As shown in Table 4, I_SL values were 48~49 cm (W1F1) to 62~64 cm (W3F2) in 2016 and 2017, and I_SL values under W3F2 treatment were 26.53~51.32% and 3.33~21.58% larger than those of W1F1 and CK. Seen from the results obtained, the irrigation quota was more related to I_SL, as more irrigated water were helpful to obtain larger I_SL values, and the effects of irrigation quotas on the differences of I_SL values reached a significant level (p < 0.05), while those of fertilizer amounts failed. However, their coupling effects were enhanced to significant impacts under the significant level of p < 0.01. On the other hand, Y_max and Y_min were acquired in W2F1 (7256 kg·ha⁻¹) and W1F2 (4661 kg·ha⁻¹), while that of Y_CK was 6976 kg·ha⁻¹ in 2016. Similar results were obtained in 2017. Besides, the highest PFP values were in both W2F1 treatments for two years, and it was 133.06~193.62% higher than that of CK (5.49 kg·kg⁻¹). However, the highest iWUE value was obtained under W1F3 treatment in both 2016 and 2017 (8.17 kg·m⁻³ and 14.86kg·m⁻³), which increased by 29.48% and 78.72% when compared with CK (6.31 kg·m⁻³ and 8.31 kg·m⁻³). The improving effect (EI) of W1F2, W3F2, and W3F3 treatments were negative values, and the EI_max was acquired in W2F1 treatment (33.14% and 24.86%). Based on the two-year data analysis, the iWUE was significantly affected by irrigation quotas (p < 0.05), the PFP was significantly influenced by fertilizer amounts (p < 0.01), and they were both significantly affected by the coupling effects of water–fertilizer (p < 0.01). Besides, the crop yield was significantly affected neither by the irrigation quota nor the fertilizer amount; only their interaction reached the significant level (p < 0.01).

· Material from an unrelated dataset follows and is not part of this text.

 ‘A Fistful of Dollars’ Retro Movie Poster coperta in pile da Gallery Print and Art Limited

3.3. Optimized Water and Fertilizer Managements of Jujube in the Xinjiang Area

Based on the results mentioned above, the impact of water and fertilizer managements on physiological indicators and growth indexes varied among different treatments. The corresponding yield effect model was obtained by regression in Equation (1), and the optimized results of the yield model were shown in Figure 5. According to Equation (1), the interaction coefficient of water and fertilizer was a positive value, which meant that the positive impacts were increasing. Seen from Figure 5, the effect of the water and fertilizer coupling model showed a bimodal surface; the relatively higher yield was acquired with either low fertilizer or high fertilizer amount when irrigated with a moderate quota. Low fertilizer and moderate irrigation would be a better choice, as the maximum yield was acquired as 6.87 Mg ha⁻¹, and the optimized irrigation quota should be 815 mm while applying fertilizer with the amount of 400 kg ha⁻¹.

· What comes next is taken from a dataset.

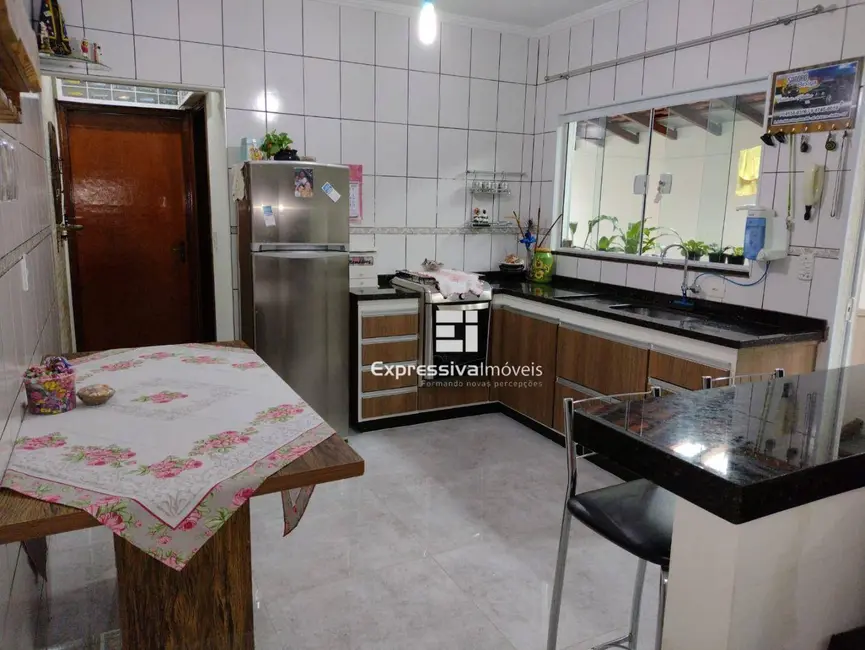 Foto 9 de Casa com 2 quartos à venda, 138m2 em Jardim Santa Filomena, Itatiba - SP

$$\mathrm{Y}=4.8\times {10}^{-6}\times F^2-3.1\times {10}^{-5}\times W^2+1.4\times {10}^{-6}\times W\times F+5.0\times {10}^{-2}\times W-1.0\times {10}^{-2}\times F-10.0\left(R^2=0.85\right)$$

(1)

where Y represents the jujube yield (kg ha⁻¹); W is the irrigation quota (mm), and F is the fertilizer amount (kg ha⁻¹).

4. Discussion

Water and fertilizer management is critical to crop production, especially for agriculture in arid areas [21]. When the coupling effects of water and fertilizer are optimized, the crop yield is significantly increased [20]. The key of water and fertilizer coupling is “using water to promote fertilizer [and] using fertilizer to adjust water”. In recent years, water–fertilizer management has become a hot research topic, especially when applying water-saving technology [22,23]. However, the related studying results related to jujube plantations are lacking.

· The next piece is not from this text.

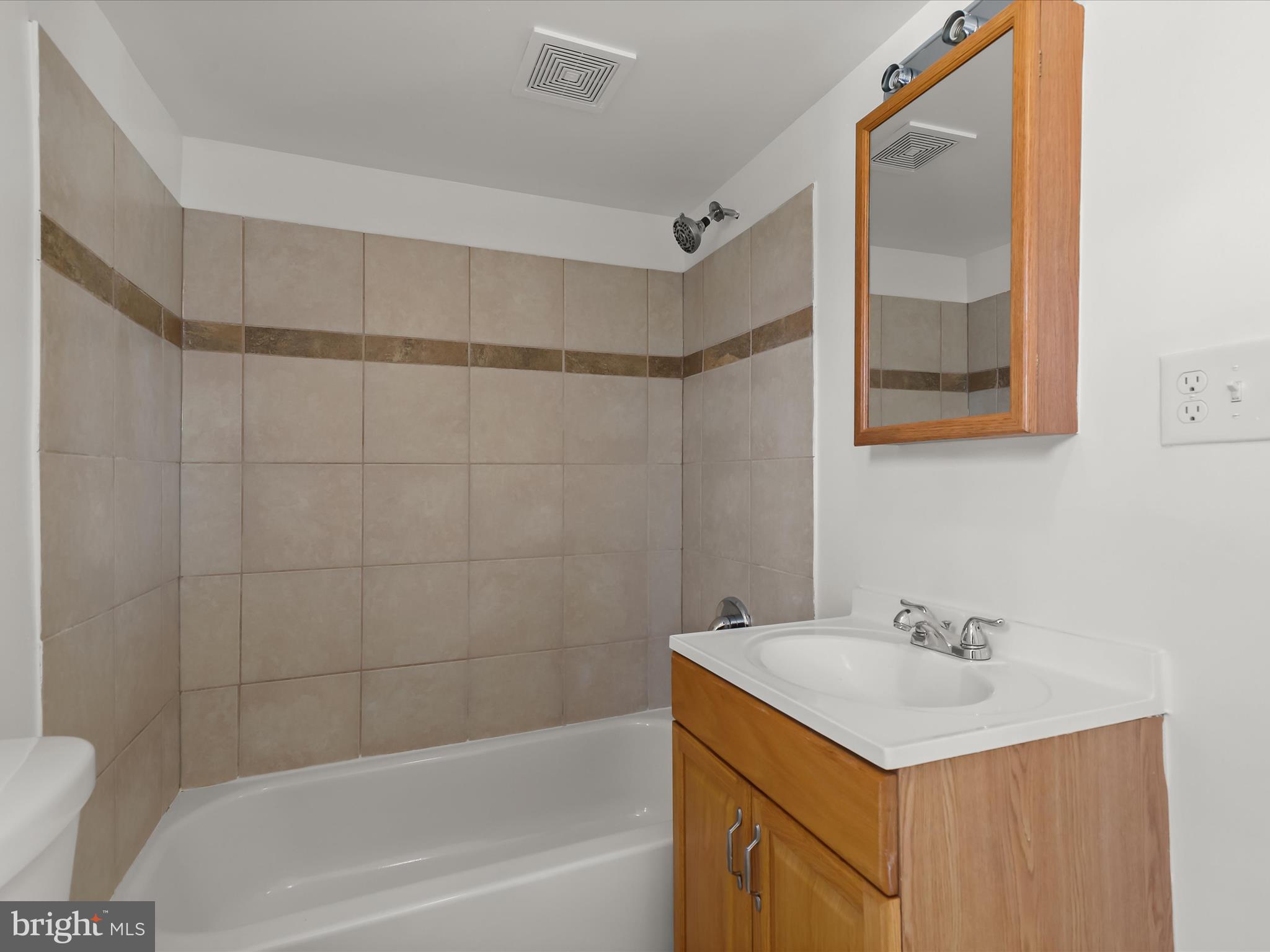 HOPKINS - Residential Lease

In this paper, water and fertilizer interaction showed significant effects on jujube CC, NC, and PNUE, which indicated that fertilizer efficiency was promoted by the irrigation water, and in turn the amount of water that was needed was adjusted by the fertilizer applied, on the condition that neither water nor fertilizer showed significant impacts. We failed to find results on jujube CC, NC, and PNUE in the arid area, but the trend that we observed was consistent with the results of the wheat photosynthetic characteristics under water and fertilizer coupling conditions that were reported by Wang et al. [24]. After applying the drip irrigation technology in 2016, the maximum CC, NC, and PUNE values increased on average by 6.00%, 9.49%, and 11.39%, respectively, upon comparing those using flood irrigation in 2015, which indicated the great improvement due to changing the irrigation method. Although these contents continued to increase after application in the second year of 2017, the increasing rates decreased to 1.47%, 3.37%, and 6.83%, respectively, as they were compared with those using drip irrigation. Meanwhile, neither excessive irrigation nor deficit irrigation was beneficial for photosynthetic characteristics, and the best effects occurred at the low fertilization level, which was similar to the results of Li et al. [25] and Zhou et al. [26]. Compared with flood irrigation, fertigation with drip irrigation could not only promote the nutrient absorption of crops, it could also improve the utilization rate of water fertilizer [21,27]. The results in this paper also showed that the highest yield was obtained with moderate irrigation and low fertigation treatment (W2F1) using drip irrigation, when the iWUE and PFP reached higher levels.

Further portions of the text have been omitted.